The one-hot encoding of the categorical variables is performed.

In [None]:
# one hot encoding
X = pd.get_dummies(X, columns=['Month', 'Weekday'])

In [None]:
# info on all the predictors that will be used in the model
X.info()

The dataframes are splitted into the training and the test datasets.

In [None]:
# train-test split
X_train, X_test, y_train, y_test = train_test_split(X, y, test_size=0.33, random_state=42)

# Function to get metrics

A function is created which will be used to find out the accuracy metrics of the given model.

In [None]:
def get_metrics(y_train, y_test, y_pred):
    
    rmse_test = np.sqrt(mean_squared_error(y_test, y_pred))        # Root mean square error 
    SSE = np.sum((y_pred-y_test)**2)                               # Sum of squares due to the errors
    SST = np.sum((y_test-np.mean(y_train))**2)                     # Total Sum of Squares
    r2_test = 1 - SSE/SST                                          # r2 measure of accuracy
    
    print("The metrics for the model are:")
    print("Test RMSE : ", rmse_test)
    print("Test SSE : ", SSE)
    print("Test SST : ", SST)
    print("Test R2 : ", r2_test)

# Baseline Model

The baseline model is simply the average of values of the target variable present in the training dataset. 

In [None]:
# finding the baseline predictions
y_pred_bl = np.repeat(np.mean(y_train), len(y_test))

In [None]:
y_pred_bl

In [None]:
# finding the metrics for the Baseline model
get_metrics(y_train, y_test, y_pred_bl)

The baseline model has an r<sup>2</sup> value of 0, which means that this model is of no good. 

# Linear Regresssion

Next, a simple Linear Regression model is fitted on the dataset.

In [None]:
# initialising the model 
model = LinearRegression()

In [None]:
# fitting the model
model.fit(X_train, y_train)

In [None]:
# finding predictions for the test set
y_pred_lr = model.predict(X_test)

In [None]:
# finding metrics
get_metrics(y_train, y_test, y_pred_lr)

This linear regression model has an r<sup>2</sup> value of ~0.88, which means that this model has an accuracy of ~88% in its predictions.

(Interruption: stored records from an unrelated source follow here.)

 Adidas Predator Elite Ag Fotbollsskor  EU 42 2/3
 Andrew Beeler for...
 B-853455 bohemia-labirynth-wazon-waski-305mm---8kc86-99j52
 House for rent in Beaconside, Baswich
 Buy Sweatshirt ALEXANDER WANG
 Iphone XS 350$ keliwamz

It has been able to explain ~88% of the entire variation that is present in the target variable through the given predictors.

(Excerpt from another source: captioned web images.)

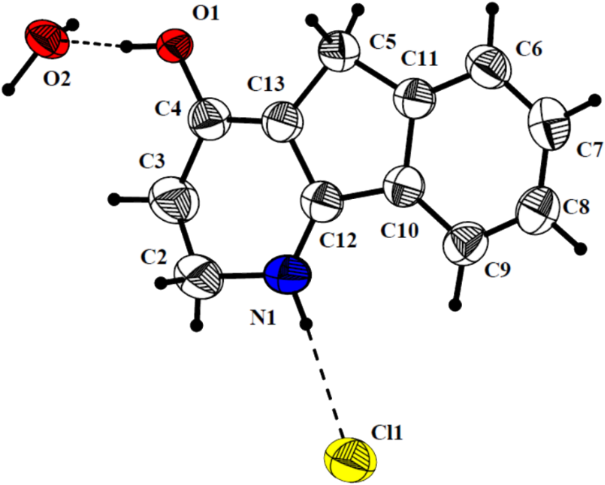 [1860-5397-10-236-1]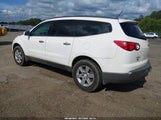 Chevrolet Traverse 1Lt 1GNKRGED8CJ196262 снимка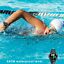 miniatura 4 - LATEC Smartwatch Orologio Fitness Tracker IP68 Impermeabile Smart Watch Touch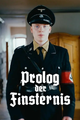 Prolog der Finsternis picture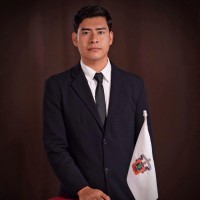 Alexander David Acevedo Espindola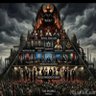 Фото профиля infinity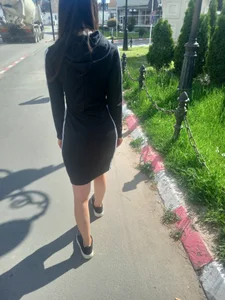 Ruby_Quin Public Poză 9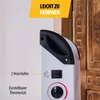 Tristar KA-5911 Konvektor-Heizung, Elektrischer Produktbild-Vorschau 15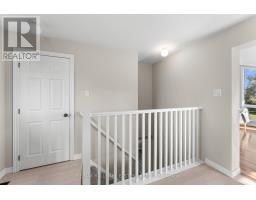 Other - 5219 Rice Lake Drive N, Hamilton Township, ON K0L1E0 Photo 7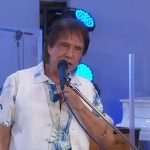 Live Roberto Carlos (2) 2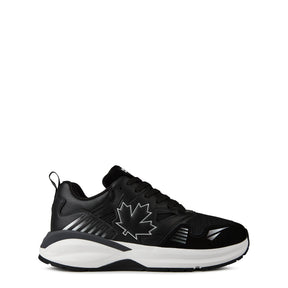 Dash Runner Trainers
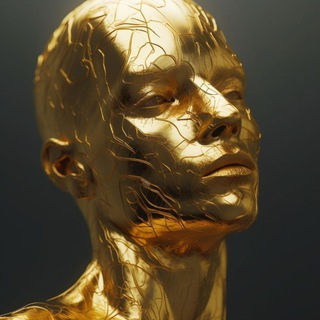 Вынос мозга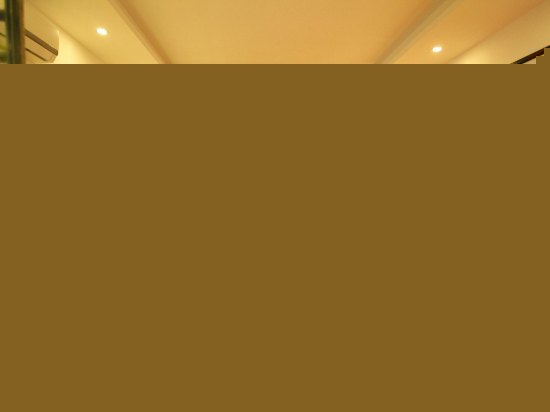 A302天字二号复古雕花床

This model is much better than the baseline model.

#### It was observed in the correlation matrix that the predictor 'MILES*' shared a very high correlation with the target variable 'Duration'. 

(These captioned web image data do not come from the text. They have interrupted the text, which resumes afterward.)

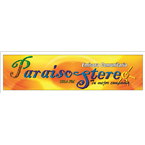Paraiso Stereo Spanish Music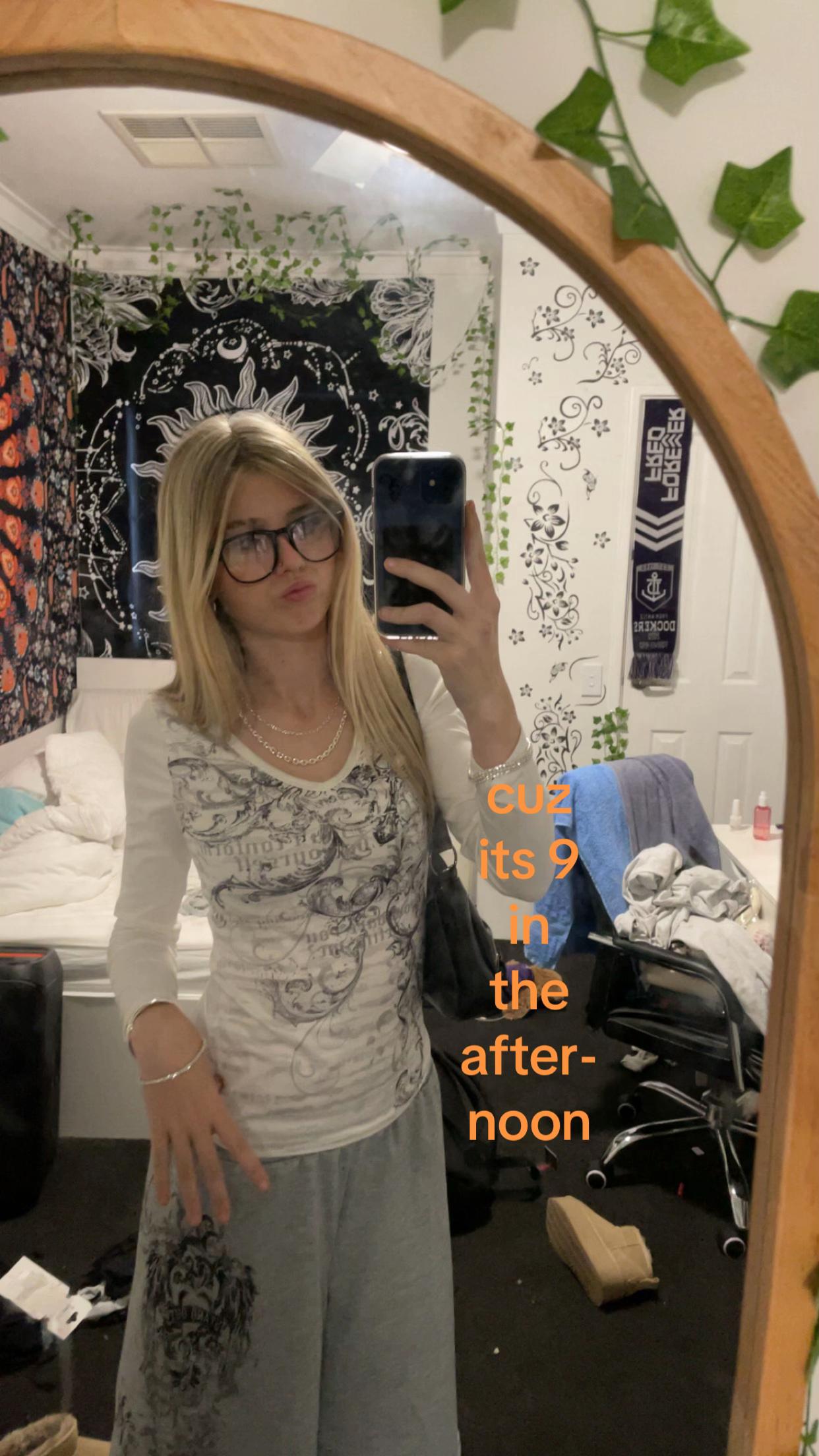 @bridgets.spam00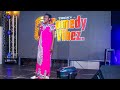 DEM WA FACEBOOK , “Nimeiva Online” 😂 - Tricky Comedy & Vibez Show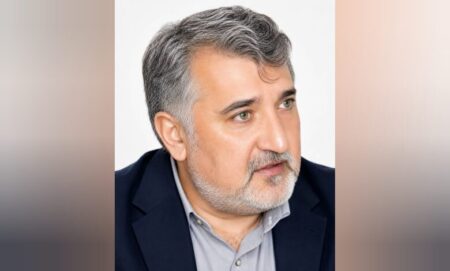 طلافروشان زیر قانون پولشویی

Hence, a linear regression model is built with only 'MILES*' as the predictor and one can observe how well this model works compared to the above model.

In [None]:
# defining target and predictor
y = df['Duration']
X = df[['MILES*']]

In [None]:
# train-test split
X_train, X_test, y_train, y_test = train_test_split(X, y, test_size=0.33, random_state=42)

In [None]:
# fitting the model
model.fit(X_train, y_train)

In [None]:
# finding predictions for the test set
y_pred_lr1 = model.predict(X_test)

In [None]:
# finding the metrics
get_metrics(y_train, y_test, y_pred_lr1)

This linear regression model has an r<sup>2</sup> value of ~0.87, which means that this model has an accuracy of ~87% in its predictions. It has been able to explain ~87% of the entire variation that is present in the target variable through the given predictors.

It is observed that there is just a 1% decrease in the accuracy of the model when 'MILES*' is considered as the only predictor. Hence, this model can also be used for the purpose of predicting the duration of a trip.